The estimated variance components obtained from the multilevel modeling procedure were then used to calculate the intraclass correlation coefficient, which for this study is interpreted as the fraction of total variability attributable to a particular level of care (Snijders and Bosker 1999). The reported results are based on estimates obtained through simulation procedures (Markov Chain Monte Carlo methods), although maximum likelihood and quasi–likelihood-based estimates were generally comparable to the simulation-based estimates.

Indicators with continuous responses were analyzed using hierarchical linear models. For the cost indicators, the natural log transformation of costs was used as the dependent variable since the untransformed cost variables were quite skewed and a visual inspection of the residuals showed a significant departure from normality. While the transformation did result in some changes in the magnitude of the percentage of total variation attributable to different levels, in most cases it did not change the relative amount of attributable variation across the different levels. Indicators with binary outcomes or proportional responses were analyzed using generalized hierarchical linear models assuming a binomial error distribution with a logit link function.

All of the results are reported as percentages. For dichotomous indicators, the percentages are calculated based on a threshold model in which, for example, the outcome of whether a laboratory test was obtained is considered as an underlying continuous variable representing the propensity of the provider to obtain the test (Snijders and Bosker 1999).
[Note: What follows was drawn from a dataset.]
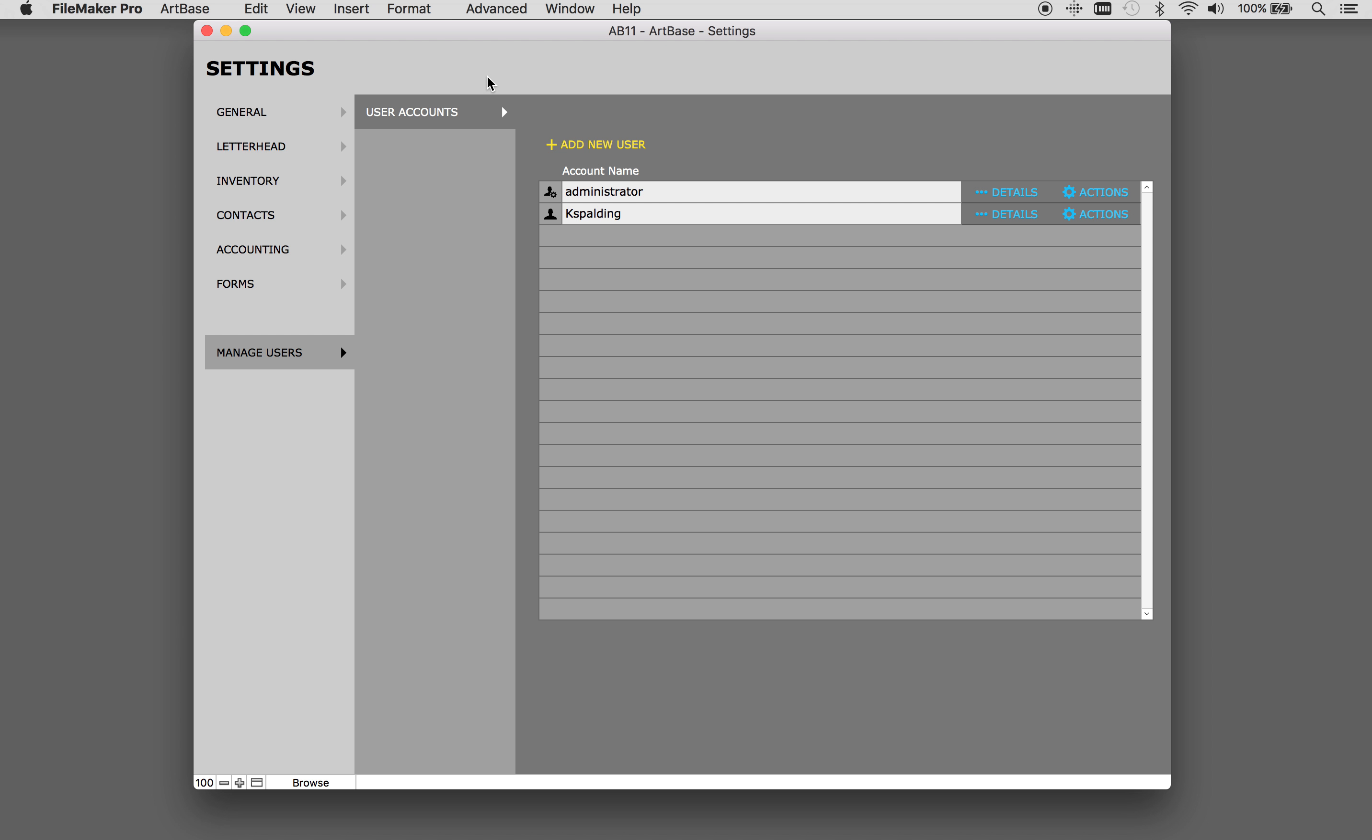Welcome to Artbase 11. Artbase 11 offers a newly designed settings area with even more options to make Artbase truly your own. The settings area affects all system users. Some changes require users to restart Artbase to fully take effect.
If this propensity is above a certain threshold the test is obtained. In general, the estimates from the empty models are considered maximum effects, as some variability is likely to be explained through the inclusion of explanatory variables.
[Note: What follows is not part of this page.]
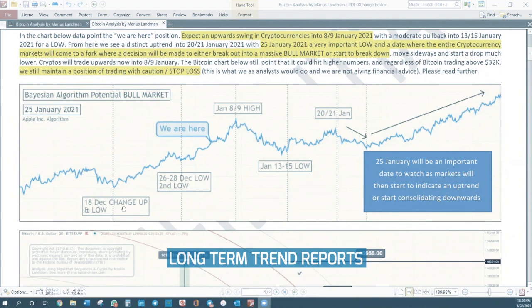On 18 December, there was a change where we had a low. On 26 to 28 December, another low — a second low.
The panel sizes needed to achieve a reliability of .8 for a given amount of attributable variance were determined through the use of the Spearman-Brown prophecy formula, as previously described by Hofer et al. (1999).


The study sample consisted of individuals who were on average 65 years of age and had 2.4 comorbid conditions (out of a total of 12 as described above). The sample was predominantly male (98 percent) and 42 percent were on insulin. The range of mean values across facilities for all of the diabetes care quality indicators used in the analysis are displayed in Table 1. On the whole, the facilities included in this study are doing quite well in providing care for their patients with diabetes but there is a fair amount of variability across facilities. More than 80 percent of patients had an HbA1c obtained within the past year, 57 percent had a lipid panel obtained, and almost 40 percent had an LDL-C successfully measured in the past year.

The mean HbA1c value in the study sample was 7.8 percent (median=7.4 percent), which is below the ADA action point of 8 percent, and the mean (and median) LDL-C value was 3.2 mmol/L (124 mg/dL), which is below both the VA and DQIP standard of 3.4 mmol/L (130 mg/dL) for persons without coronary artery disease. Still, 15 percent of patients were above the high-risk threshold for HbA1c (≥9.5 percent) and 27 percent for LDL-C (3.6 mmol/L or 140 mg/dL), and almost one-third of patients at some facilities were in these high-risk subsets. Among patients with a measured LDL-C, 85 percent had a value <3.6 mmol/L (140 mg/dL) or were receiving statin therapy. As with the other indicators, the resource use measures show there is a wide range in values across the facilities. For example, the average cost of home glucose monitoring for individuals not on insulin ranged from $6 per patient per year at one facility to $122 per patient per year at the highest cost facility.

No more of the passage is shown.